Saturday 4 January 2014

And you will be called priests of the LORD, you will be named ministers of our God. You will feed on the wealth of nations, and in their riches you will boast. – Isaiah 61:6


Today’s Scripture Reading (January 4, 2014): Isaiah 61

In 1948, political and economic differences between the four administrators of the city of Berlin caused a physical division within the city. It was three against one, leaving the Soviet Union to stand alone. But the Soviets felt that they had a very powerful card to play. While the other three German administrators (the United States, the United Kingdom, and France) may have held most of Berlin, there were some very historical and important parts of the Berlin that were under Soviet control. And the entire city of Berlin was also physically situated within the area controlled by the Soviet Union. Eventually these differences resulted in the division of the nation in two, East Germany made up of portion of the country that was under the administration of the Soviet Union, and West Germany, consisting of the combined administrative areas of the United States, the United Kingdom, and France. The other significant result was that a wall was constructed by the Soviet Union - totally blockading West Berlin, separating it from the rest of the country.

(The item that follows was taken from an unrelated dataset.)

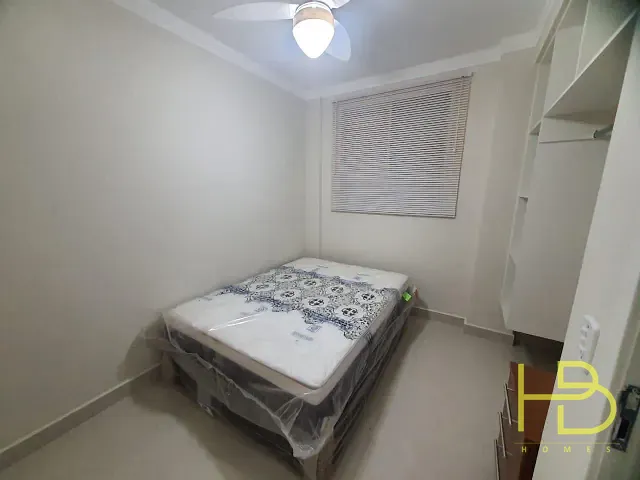Apartamento 3 quartos e 1 banheiro, para alugar, no bairro Parque Bela Vista em Votorantim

This divide in Germany has since then become symbolic of the Cold War that existed between the Soviet Union and what is politically referred to as the West from the end of the Second World War until the late 1980’s. And the emotional symbol of that division was the Berlin Wall. For a child of the cold war, it is was almost impossible to imagine that one day the wall would fall. And yet the wall did fall. The impossible became possible on November 9, 1989 – and East and West Germany were reunified into a single Germany in 1990.

Isaiah presents a Messianic prophecy in Isaiah 61. In the prophecy he speaks of the removal of what is probably the most prominent division of his day – the division that separated the priests and the laity (or the non-priests). In Isaiah’s culture, it was the priests (a hereditary position) that were responsible for all of the tasks that the running of the temple required. Different priests were responsible for different activities, but if you were not born into a priestly family, then you were not allowed to perform tasks in the temple. The division was a hard one and there were no exceptions.

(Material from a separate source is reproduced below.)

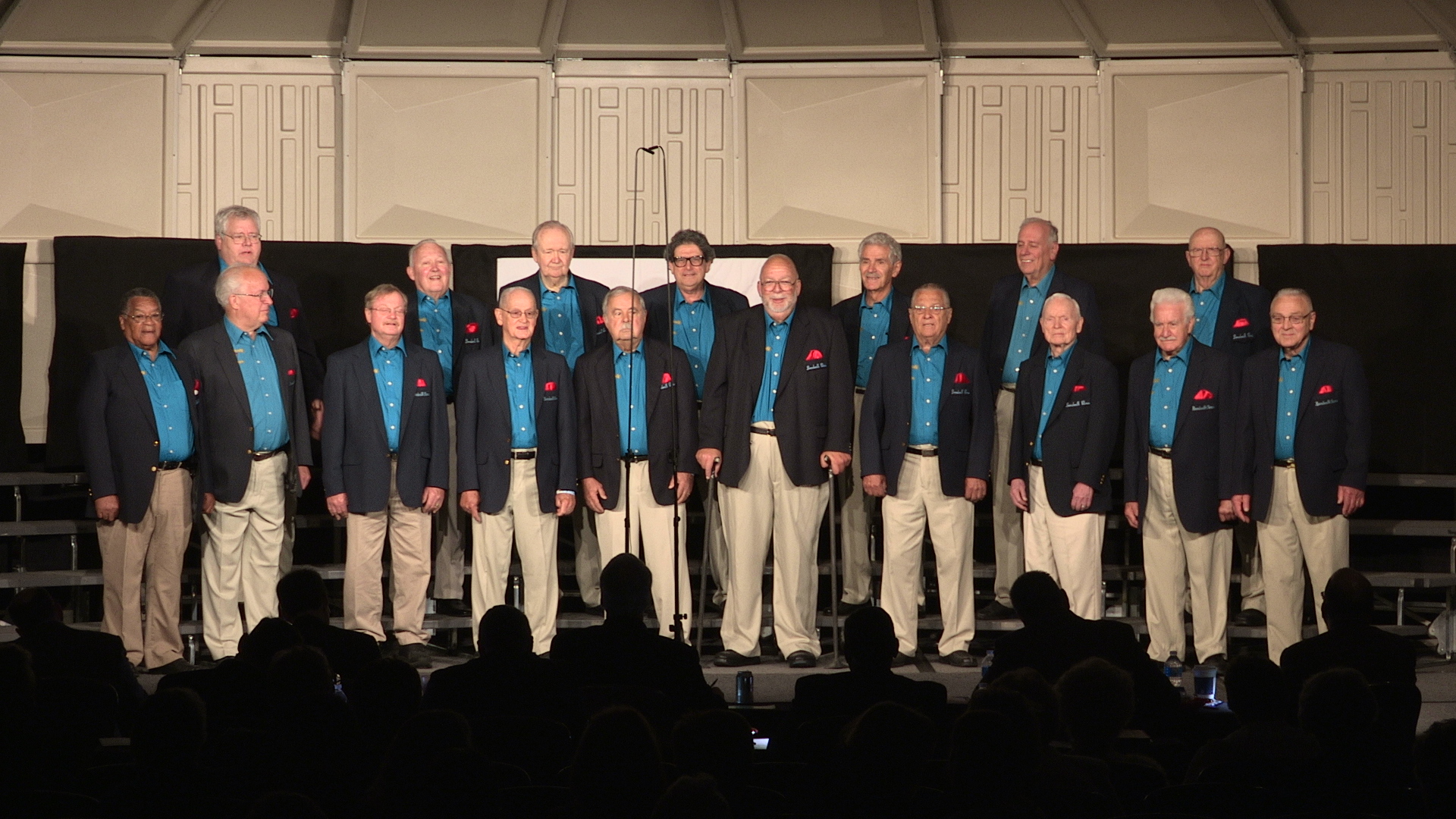 Greater Atlantic City Barbershop Chorus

But Isaiah tells of a day when even that division would disappear. It would have been as hard (or maybe harder) for people of Isaiah’s day to imagine that the difference between a priest and non-priest could disappear than it would have been for a child of the Cold War to believe that the Berlin Wall could ever come down. And yet, as quickly as the Berlin Wall came down, the division between the priest and the laity also disappeared. And the symbolic event that ushered in this Messianic day of the Lord was when the curtain that functioned as the dividing wall that separated the Holy of Holies and the rest of the temple was torn in two by an earthquake at the time of Jesus’ crucifixion. When that wall came down, that event changed our reality.

We are all priests.   We all have access to approach God – and we all have been given responsibilities in the faith. We are not all the same, but each one of us has a divinely ordained purpose in the faith given to us by God. And in that sense, every one of us is a priest.